**Captioned web image data**
◇ ◇ ◇

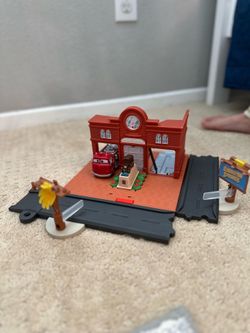 Mattel Disney and Pixar Cars On The Road Toys, Red’s Fire Station Playset with Die-cast Fire Truck & Kid-Activated Action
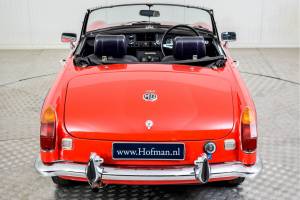 Image 25/50 de MG MGB (1973)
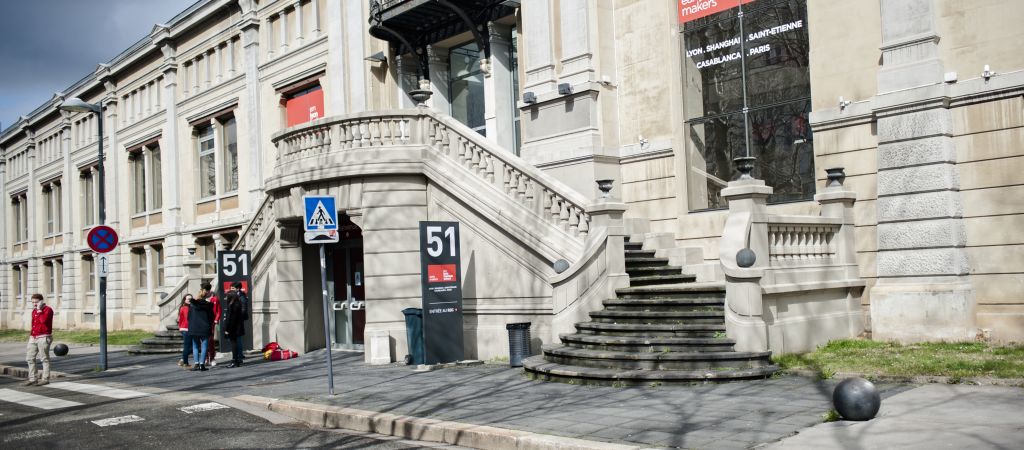 04 St Etienne entrance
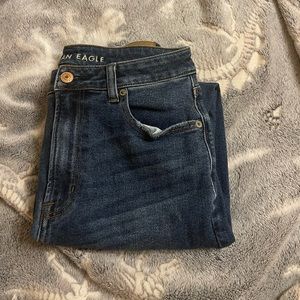 NWOT AE jeans with holes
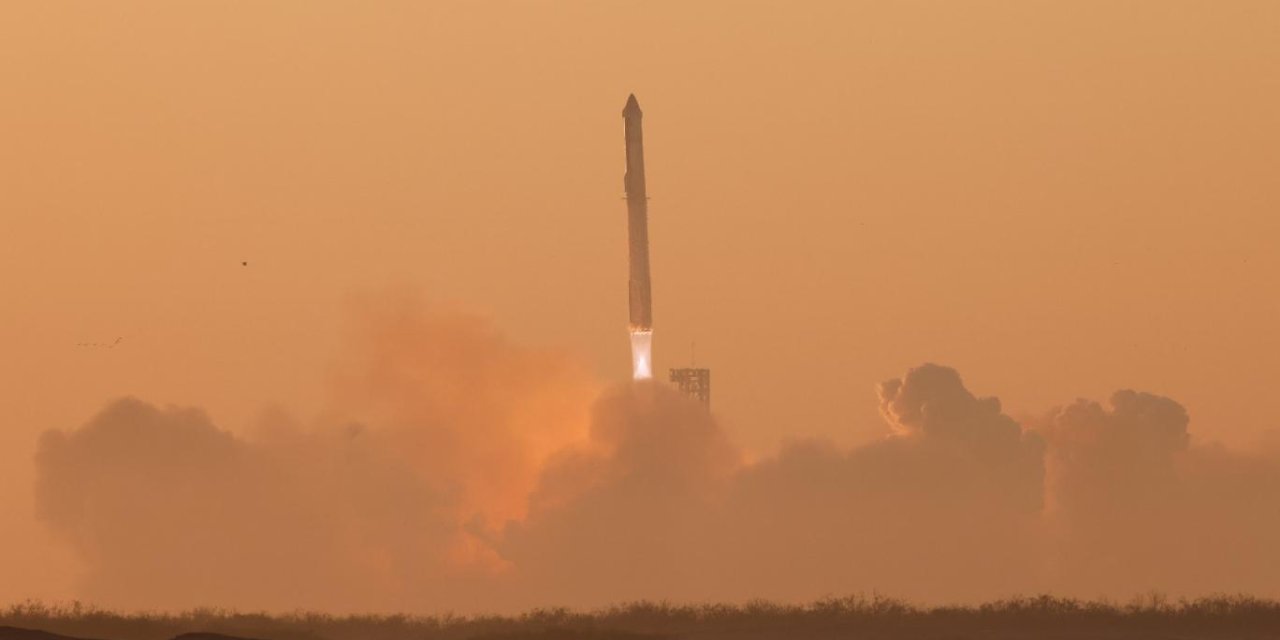 SpaceX'in atmosferde devasa bir delik açtığı keşfedildi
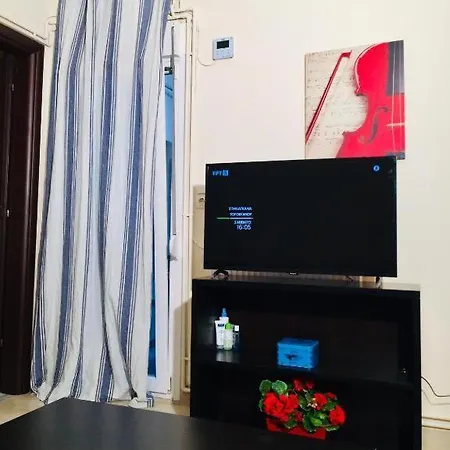 Luckygeorge Isimeriahomz Apartmán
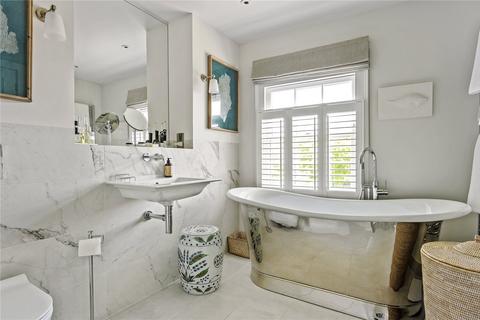 16 Thornhill Road, London, N1 1HW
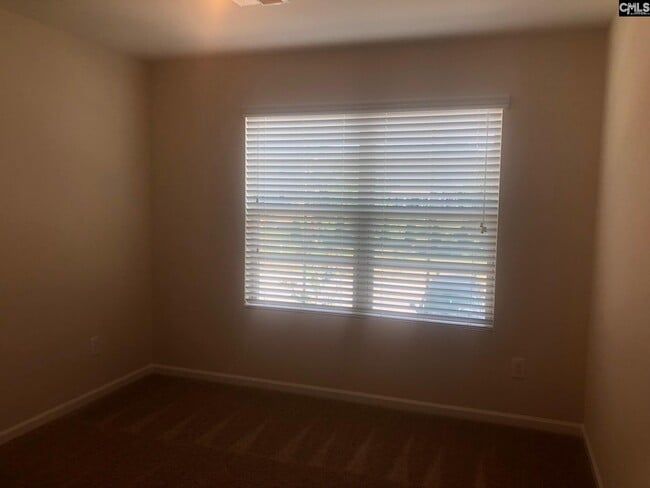 Building Photo - 1057 Roscoe Rd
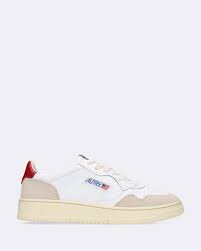 Medalist Low Sneakers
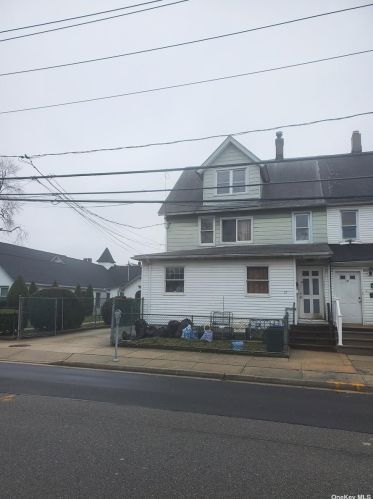 12 Mineola Ave, Valley Stream, NY 11580-5805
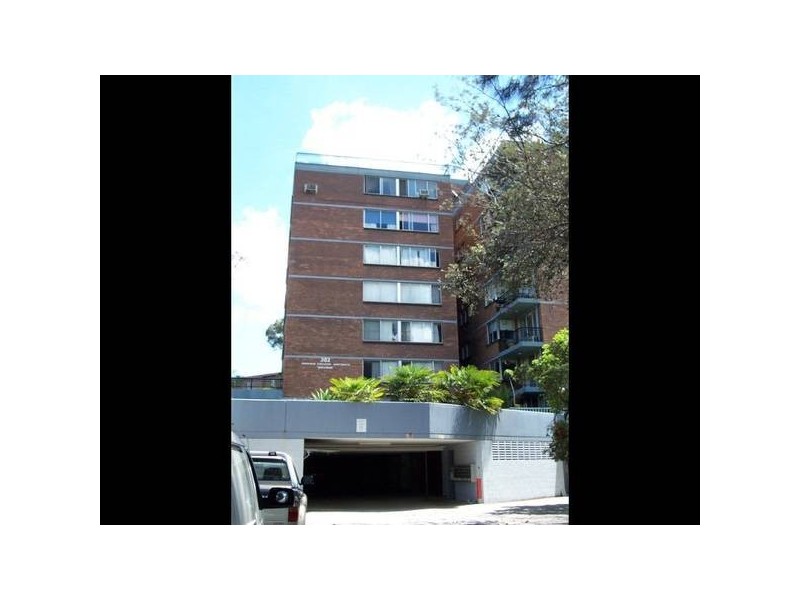 Burns Bay Road, Lane Cove NSW 2066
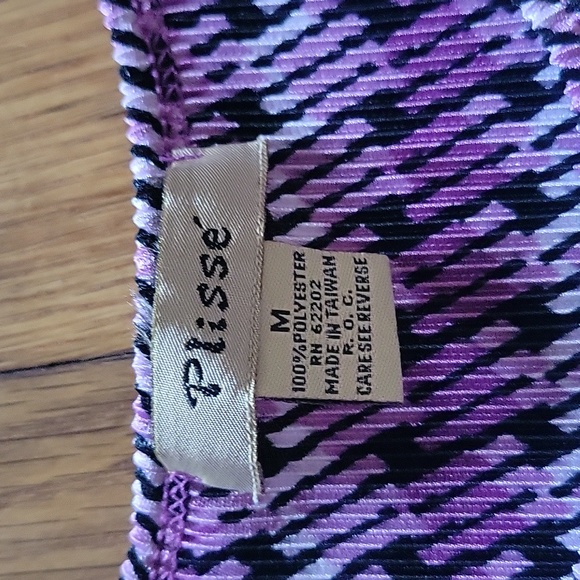 L&X blouse. These are beautiful blouses. - Picture 9 of 12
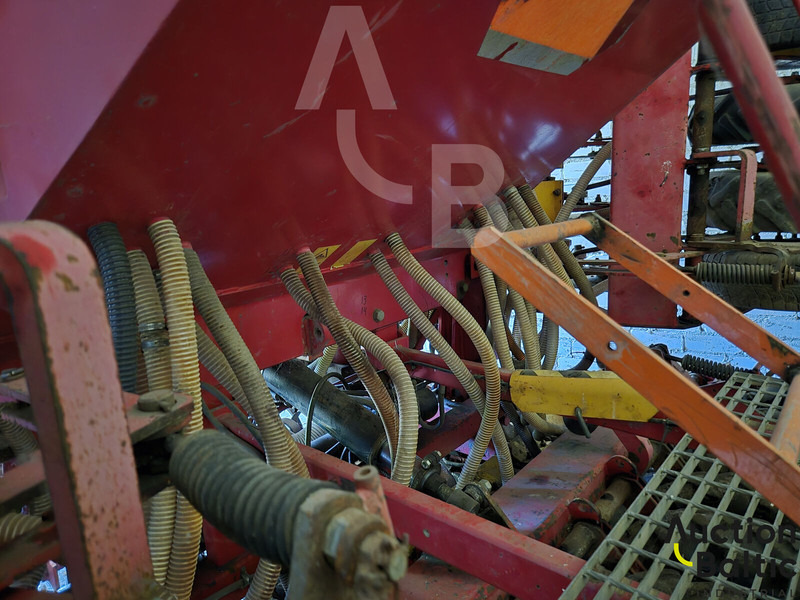 Vaderstad Rapid 600f - Sowing equipment: picture 3 Vaderstad Rapid 600f - Sowing equipment: picture 3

◇ ◇ ◇

**REQUIRED ACTION**
An exact copy is needed of the lines running from the one with "NWOT AE jeans with holes" through the end of the data above, and of those lines only, without pictures.

**EXPECTED OUTPUT**
 NWOT AE jeans with holes
 SpaceX'in atmosferde devasa bir delik açtığı keşfedildi
 Luckygeorge Isimeriahomz Apartmán
 16 Thornhill Road, London, N1 1HW
 Building Photo - 1057 Roscoe Rd
 Medalist Low Sneakers
 12 Mineola Ave, Valley Stream, NY 11580-5805
 Burns Bay Road, Lane Cove NSW 2066
 L&X blouse. These are beautiful blouses. - Picture 9 of 12
 Vaderstad Rapid 600f - Sowing equipment: picture 3 Vaderstad Rapid 600f - Sowing equipment: picture 3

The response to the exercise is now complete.